Si Una buena receta fuera literalmente una apuesta gastronómica, desmentir su gusto a plástico sería un desafío propio de un asesor de imagen. Cada ingrediente de la puesta en escena y las decisiones narrativas dan como resultado el remedo de una exquisitez culinaria. El género gastronómico en el cine cuenta con sus adeptos, y rara vez las películas sobre comidas consiguen vencer la contundente trivialidad de convertir el alimento en una metáfora aleccionadora. El apetito cinematográfico suele ser traicionado.
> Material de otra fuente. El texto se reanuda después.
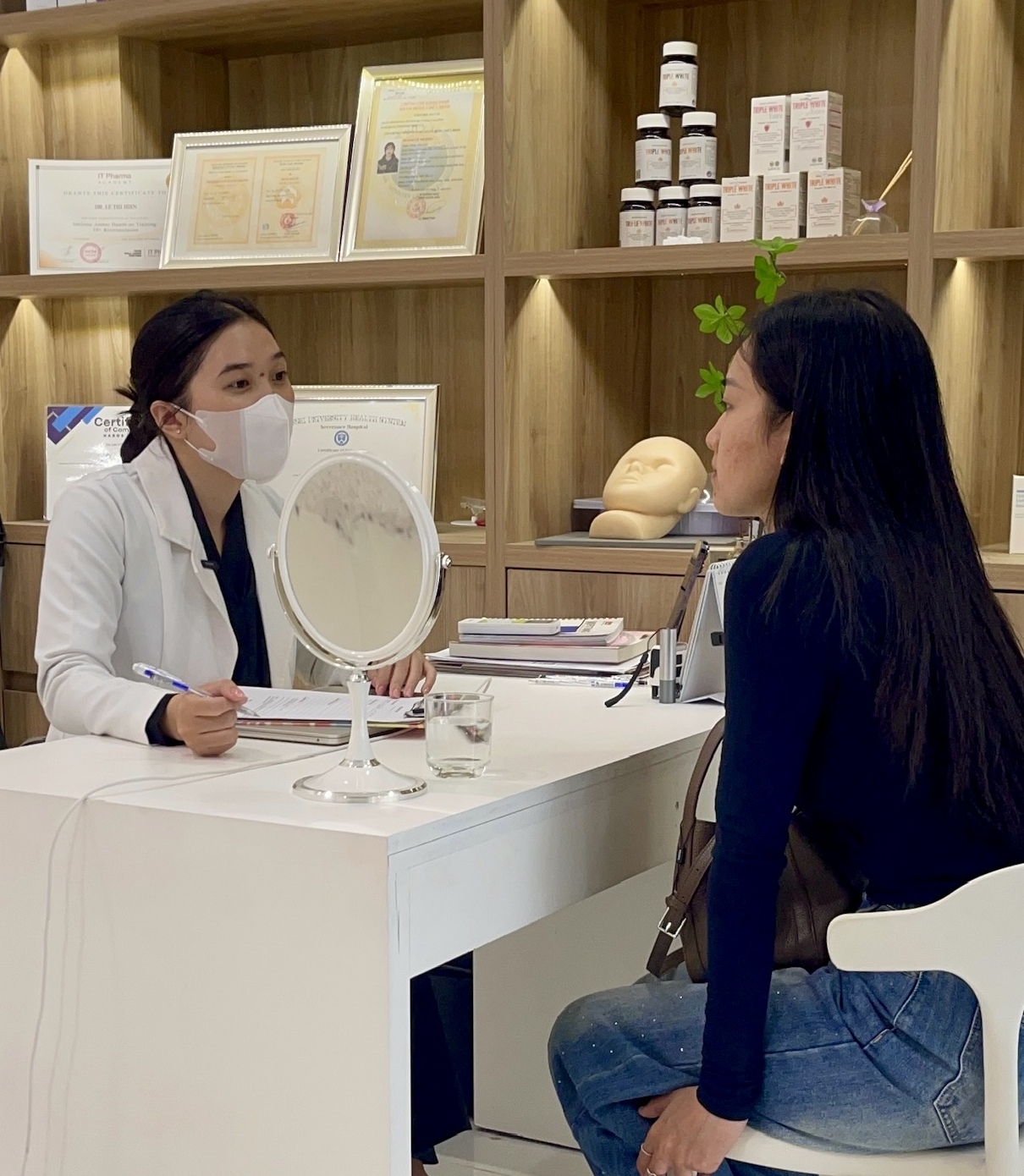 A client receiving a dermatology consultation at Eternal Beauty Center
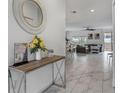 Bright hallway that leads to the living area with marble floors, offering an open and airy feel throughout the home at 978 Splash Shot Pl, Davenport, FL 33896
En el film de John Wells se trata de vindicar el espíritu de equipo, incluso si los cocineros que están bajo las órdenes de Adam Jones, un chef extraordinario, repitan al unísono “Sí señor” cuando la situación apremie, como si se tratara de una tropa que va a la guerra y el punto justo de una salsa parezca el equivalente a la puntería que se le solicita a un francotirador en plena batalla. Aquí se nos dice que tener un restaurant top en Londres es como conducir un ejército, ya que el mercado gastronómico así se concibe. La competencia es feroz, la traición entre pares una posibilidad, el deseo de fama una lógica incuestionable. Ser el máximo héroe en la guía Michelin es como obtener un Óscar, pero la moraleja aquí es que las grandes proezas se conquistan en equipo. El teniente dietético lidera; la tropa acompaña.
La historia es simple, el trasfondo denso: Adam fue el mejor discípulo de un chef parisino. Sus adiciones a la droga y al alcohol arruinaron su carrera. Después de hacer penitencia en su país pelando ostras vuelve a Europa para obtener las 3 estrellas de Michelin. Se reencontrará con sus viejos compañeros, el hijo de su maestro que administra un restaurante y quizás se vuelva a enamorar de una colega. El pasado aún lo persigue, el presente lo exige y el futuro es incierto.
Todo es predecible en Una buena receta. Los roles de los personajes (algunos queribles), los gestos en las escenas tensas y tiernas, la subtrama amorosa y la gangsteril, incluso hasta la numerosa variedad de especialidades gourmet que desfilan en planos cortos durante toda la película carecen de inventiva. El film podrá estimular las glándulas gustativas, no así la inteligencia y menos aún la relación que existe entre el alimento y el pensamiento. No hay ninguna escena como el glorioso pasaje de Ratatouille en el que el crítico gastronómico recuperaba un recuerdo de infancia y a través de él se develaba la relación de una comida con la memoria emotiva. La filosofía empresarial es demasiado pragmatista: el objetivo del chef es adueñarse del deseo del comensal, de ese objetivo depende su triunfo.
Película ideal para la didáctica de un curso rápido en gestión y eficacia en la creación de equipos en empresas, el éxito, un valor absoluto e indispensable para ser una persona cabal en nuestro tiempo, se humaniza invocando al esfuerzo mancomunado. Pero el inconsciente de un film siempre se expone y cuando Adam invoca a los guerreros de un film de Akira Kurosawa la película más que hablar de cinefilia enuncia su punto de vista: la competencia es una guerra interminable por otros medios.